仕事のことも、もっときちんと調整してもらえるように――」
「はいはい分かってます、だから儀式中はちゃんとアラームかけてるってば」
コーヒーを一気飲みし、トーストを載せていた皿と空のパックを流しに持っていく。
「もし何かの手違いで、アラームが鳴らなかったらどうするんだ」
誰にも知られること無く、誰からも探されず。
もしもそうなったら。
時折見る夢の感覚を思い出し、結はぶるりと身震いした。
「ね、おじいちゃんはいまなにしてるの、元気?」
「あ? ああ、今日も朝から山に入っているが……」
「そう、良かった」
言いながら、結は立ち上がった。
「おい、話は終わってないぞ!」
「はいはい、起こしてくれてありがと。もう時間無いから、切るね」
携帯を手に取り、終話ボタンを押す。
「……言われなくても、分かってる」
「すみません、すみません校長先生」
朝の職員会議を終えて先生方が移動して行く中。結は足早に立ち去ろうとする校長の左ひじ辺りのスーツの袖を掴んだ。
「いまから少しお時間、いただけませんか?」
「なんだ、また君か!」
校長の声が大き過ぎて、一気に先生方の注目を集める。
「いつもの相談事か。ははっ、仕方がないな。来なさい」
周りを気にしての事なのか、こういう時、校長はわざわざ大声を出して笑顔を作る。目立たぬよう、小声で話しかけた結の努力は、常に無駄に終わるのだった。

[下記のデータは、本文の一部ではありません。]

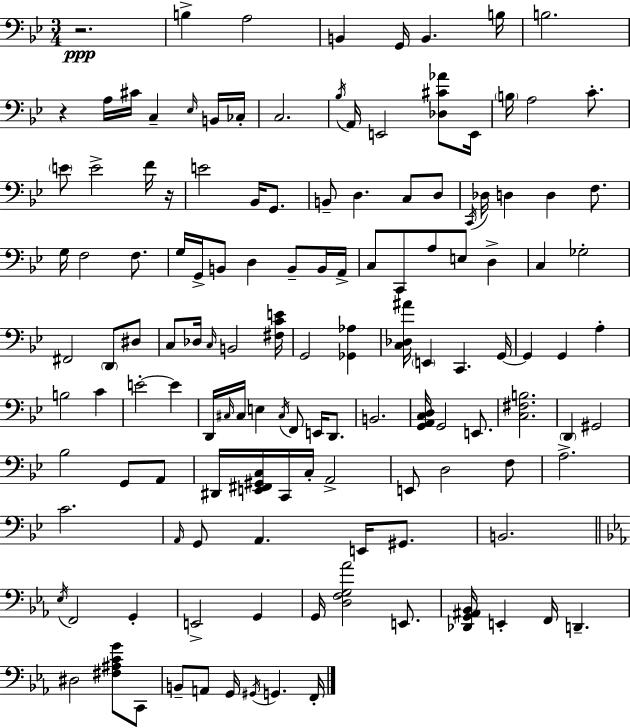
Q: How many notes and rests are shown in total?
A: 133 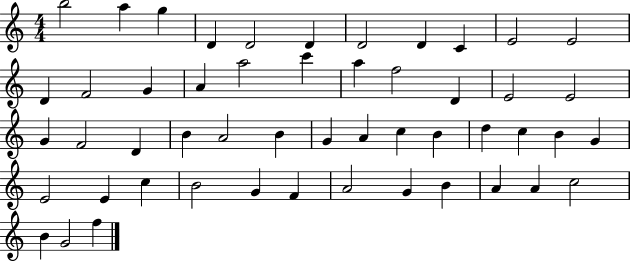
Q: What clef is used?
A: treble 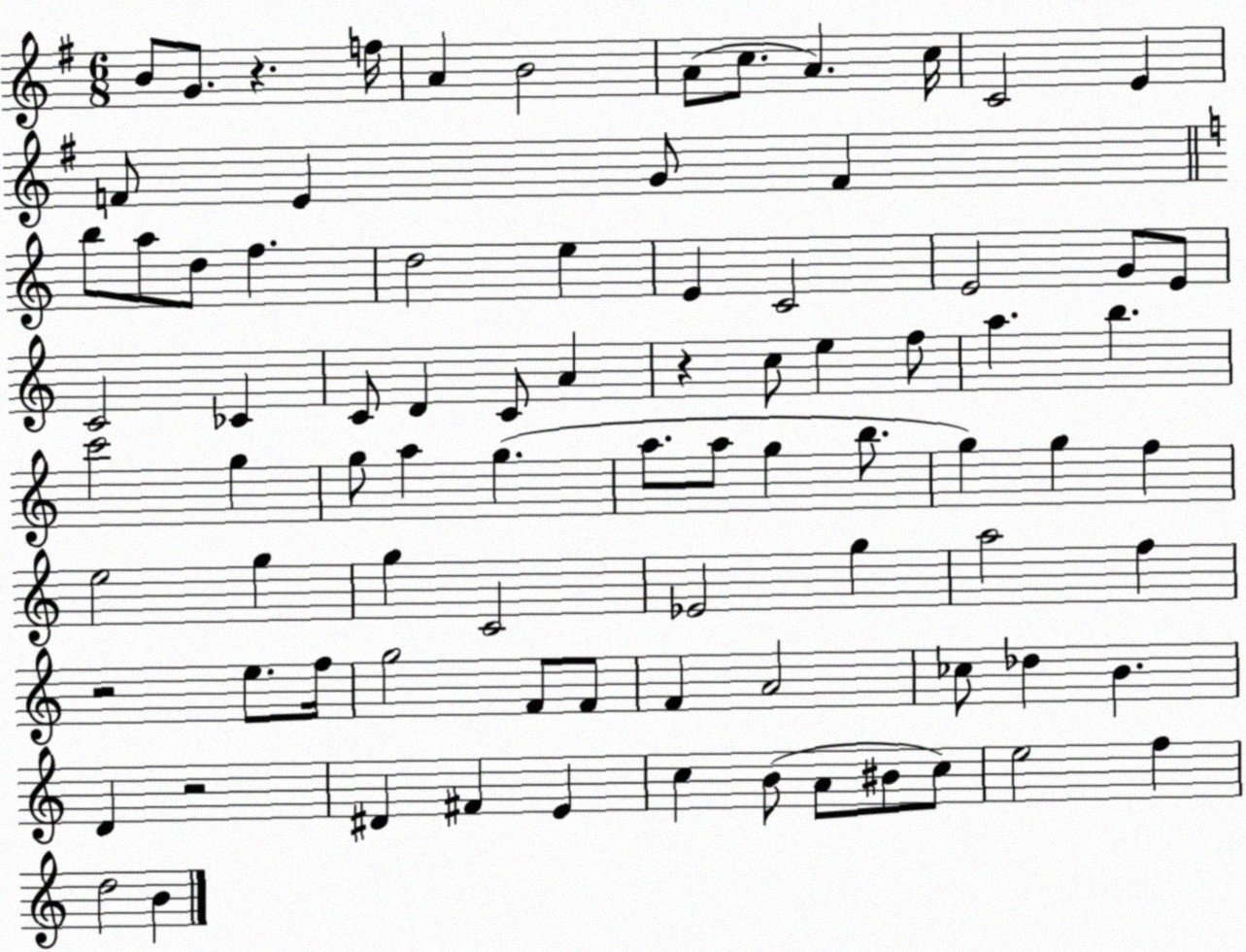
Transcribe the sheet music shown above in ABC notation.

X:1
T:Untitled
M:6/8
L:1/4
K:G
B/2 G/2 z f/4 A B2 A/2 c/2 A c/4 C2 E F/2 E G/2 F b/2 a/2 d/2 f d2 e E C2 E2 G/2 E/2 C2 _C C/2 D C/2 A z c/2 e f/2 a b c'2 g g/2 a g a/2 a/2 g b/2 g g f e2 g g C2 _E2 g a2 f z2 e/2 f/4 g2 F/2 F/2 F A2 _c/2 _d B D z2 ^D ^F E c B/2 A/2 ^B/2 c/2 e2 f d2 B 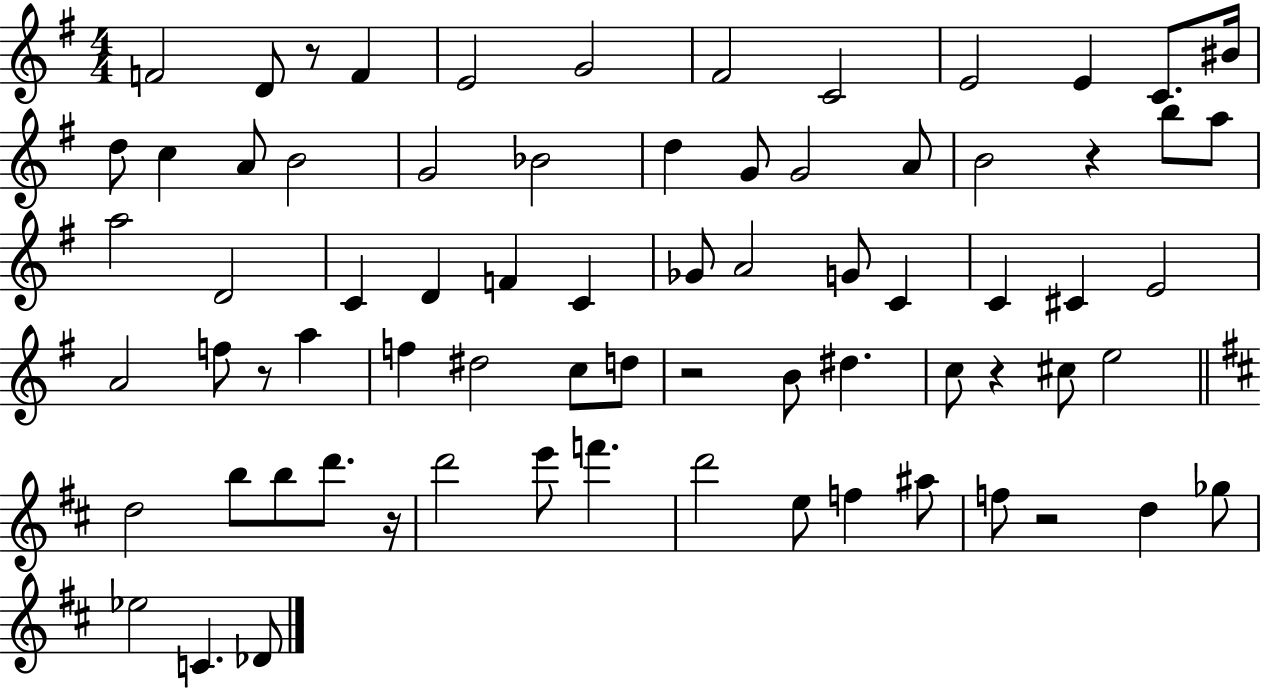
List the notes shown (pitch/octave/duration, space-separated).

F4/h D4/e R/e F4/q E4/h G4/h F#4/h C4/h E4/h E4/q C4/e. BIS4/s D5/e C5/q A4/e B4/h G4/h Bb4/h D5/q G4/e G4/h A4/e B4/h R/q B5/e A5/e A5/h D4/h C4/q D4/q F4/q C4/q Gb4/e A4/h G4/e C4/q C4/q C#4/q E4/h A4/h F5/e R/e A5/q F5/q D#5/h C5/e D5/e R/h B4/e D#5/q. C5/e R/q C#5/e E5/h D5/h B5/e B5/e D6/e. R/s D6/h E6/e F6/q. D6/h E5/e F5/q A#5/e F5/e R/h D5/q Gb5/e Eb5/h C4/q. Db4/e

“新人教師の我儘を聞いてやる器の大きい校長”を演出しているつもりだろうが、その態度が、あらぬ方向での誤解を招いていることに未だ気づいていないらしい。
結は、職員室中の視線を背中に感じ、じっとりと嫌な汗が出る。今朝も、会議が始まるギリギリのタイミングで職員室に飛び込んだせいで、先生方から厳しい視線を送られたばかりだったのに。

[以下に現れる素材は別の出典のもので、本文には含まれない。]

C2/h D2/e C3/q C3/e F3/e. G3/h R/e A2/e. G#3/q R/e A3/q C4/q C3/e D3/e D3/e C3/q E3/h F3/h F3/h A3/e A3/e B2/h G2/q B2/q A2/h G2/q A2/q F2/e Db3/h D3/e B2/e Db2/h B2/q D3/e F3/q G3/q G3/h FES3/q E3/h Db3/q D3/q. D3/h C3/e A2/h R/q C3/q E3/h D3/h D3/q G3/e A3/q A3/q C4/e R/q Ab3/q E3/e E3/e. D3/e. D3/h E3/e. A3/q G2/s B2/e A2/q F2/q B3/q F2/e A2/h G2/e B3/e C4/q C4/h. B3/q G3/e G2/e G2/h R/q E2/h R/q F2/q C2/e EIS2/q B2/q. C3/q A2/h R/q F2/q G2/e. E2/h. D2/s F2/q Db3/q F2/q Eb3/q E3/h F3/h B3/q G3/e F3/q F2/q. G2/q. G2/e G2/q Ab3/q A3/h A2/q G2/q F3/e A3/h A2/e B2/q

立ち去った後、きっと言いたい放題言われるに違いない。
結は肩を落としながら、校長の後をついて行った。
校長室に入ると、応接用のソファに腰掛けた校長はあっという間に不機嫌な顔になった。
「で、裏山様を祓い終えた、という報告ではないのだろう? 一体いつ解決するんだ。本当に、都司君のやり方で合っているのかね? パッとやって、パッと解決は出来んのか」
「あの、何度もお伝えしている通り」
結は、促される言葉も仕草もないため、テーブルを挟んだ向かいのソファの横に立ったまま、校長に出会ってから数回目の、同じ説明を繰り返す。
「“裏山様”は性質上、いわば“神”に分類されるものです。神は、完全に祓い、滅することができません。もし万が一できたとしても、反動でこの土地に災害や呪い等の災いが起こる可能性が非常に高い。協会の方でもそう判断したからこそ私が派遣されたのですし、神主さんも同じように仰ってました。

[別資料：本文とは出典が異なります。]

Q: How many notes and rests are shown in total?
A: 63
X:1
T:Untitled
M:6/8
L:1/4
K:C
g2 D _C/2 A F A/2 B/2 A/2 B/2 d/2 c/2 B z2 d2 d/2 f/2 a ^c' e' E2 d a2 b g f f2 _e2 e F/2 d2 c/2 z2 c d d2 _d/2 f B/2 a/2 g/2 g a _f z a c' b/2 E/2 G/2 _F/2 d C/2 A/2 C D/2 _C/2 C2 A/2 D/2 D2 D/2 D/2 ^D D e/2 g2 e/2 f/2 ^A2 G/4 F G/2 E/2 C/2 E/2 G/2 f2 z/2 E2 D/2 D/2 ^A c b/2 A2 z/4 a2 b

それに、そもそも私は祓うのではなく、大きくなった力を削って」
「祓えない、つまり君の能力が低い、そういうことだ。神主が言っていたとおりだな」
真っ向から言われ、結は地味に凹む。
「最初に聞いていた話とは随分違う」
「最初とは?」
「君は知らなくていい、こちらの話だ。大体君はまだ社会人としても先生としても新人だろう、少しは遠慮というものを覚えなさい」
校長はしかめ面で黙り込む。
「あの、少しずつではありますが、裏山様の力を減らすことが出来ていると考えています。春以降、校内での怪現象の報告がほぼ無くなっているのがその証明になるかと。
裏山様は、元々裏山で鎮められていた神が社を失い鎮める者がいなくなったことで暴走し始めた、もしくは裏山に溜まった力が神の様相を呈するようになったものです。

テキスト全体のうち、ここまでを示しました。